Don't take this the wrong way, but what you consider to be valuable experience isn't that impressive in the grand scheme of things. As others here have pointed out, you're in a grey area in terms of your experience. With two years of work experience beneath your belt, you've got just enough experience to think that you're clever, but not enough to actually be useful. Essentially, a strategy house would have to train you as a graduate.
Similarly, you've not yet got enough experience, even with an MBA, to offer the sort of depth that a strat house is looking for. No matter how clever you are, there will always be stronger candidates than a 25-year-old with an MBA. Look around at most MBA recruits into the strat houses -- they're in their late 20s and early 30s. This isn't discrimination based on age (or ability), but rather on experience.
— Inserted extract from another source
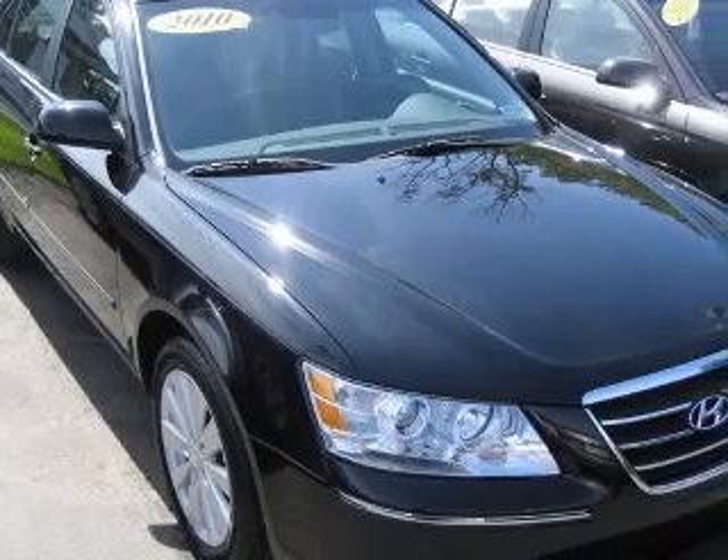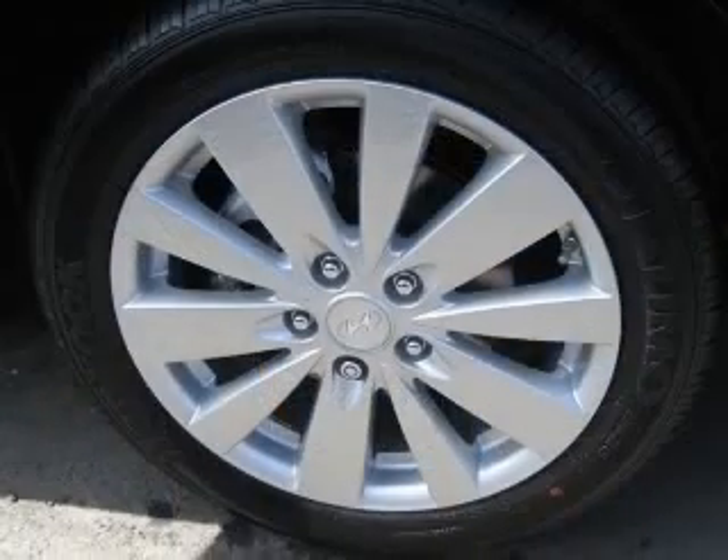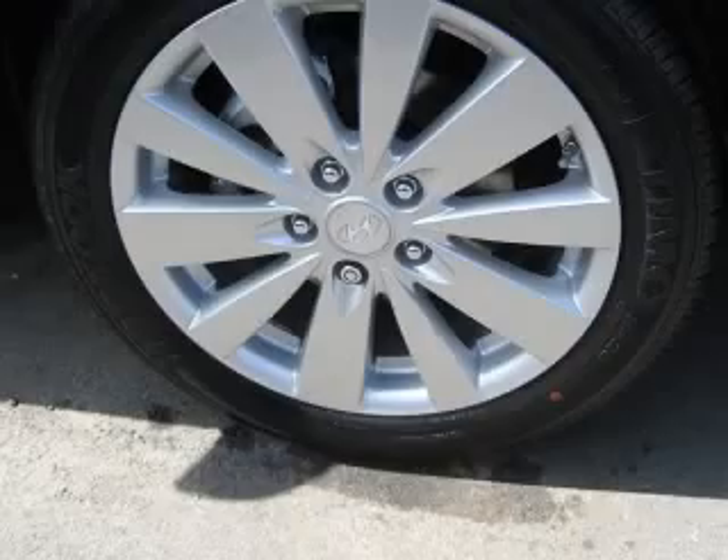Climate-controlled driver and passenger heated cushion, driver and passenger heated seat back, compass, and cruise control.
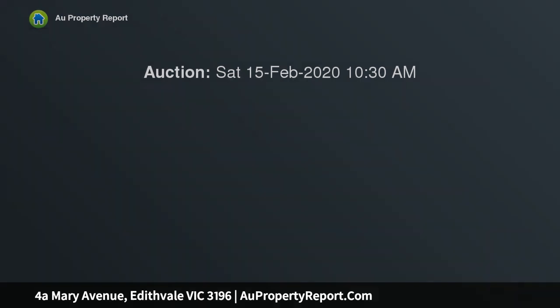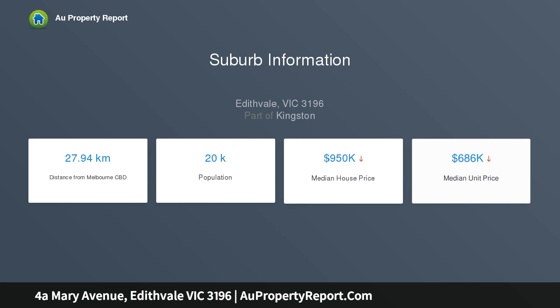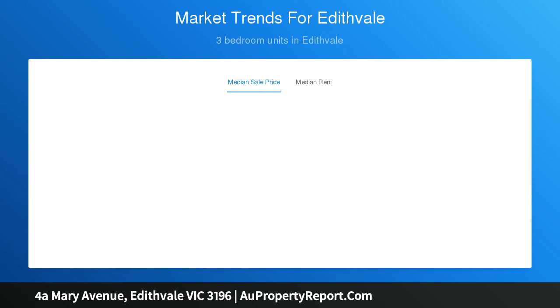The striking home presents multiple light-filled living zones spread over two levels, along with a choice of master suites both upstairs and down. Entertainers will appreciate the premium stone kitchen equipped with high-end appliances and a butler's pantry, ensuring stress-free hosting both inside and out through the glass sliding doors to the alfresco deck, which is outdoor kitchen ready.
When I was your age, I thought I was the bee's knees. And in a certain sense, I was. Like you, I'd worked hard and achieved recognition for my contributions. I was promoted very quickly. But hindsight has taught me this: all the intellectual firepower in the world, all the creativity, all the energy -- it isn't valuable to clients until you can marry it with real-world experience. And it takes time to get that experience.
Carry on where you are, try to get the best client experience you can, then go do an MBA at a top school in a couple of years. That's your surest route to a career at one of the top strategy houses, if that's what you really want.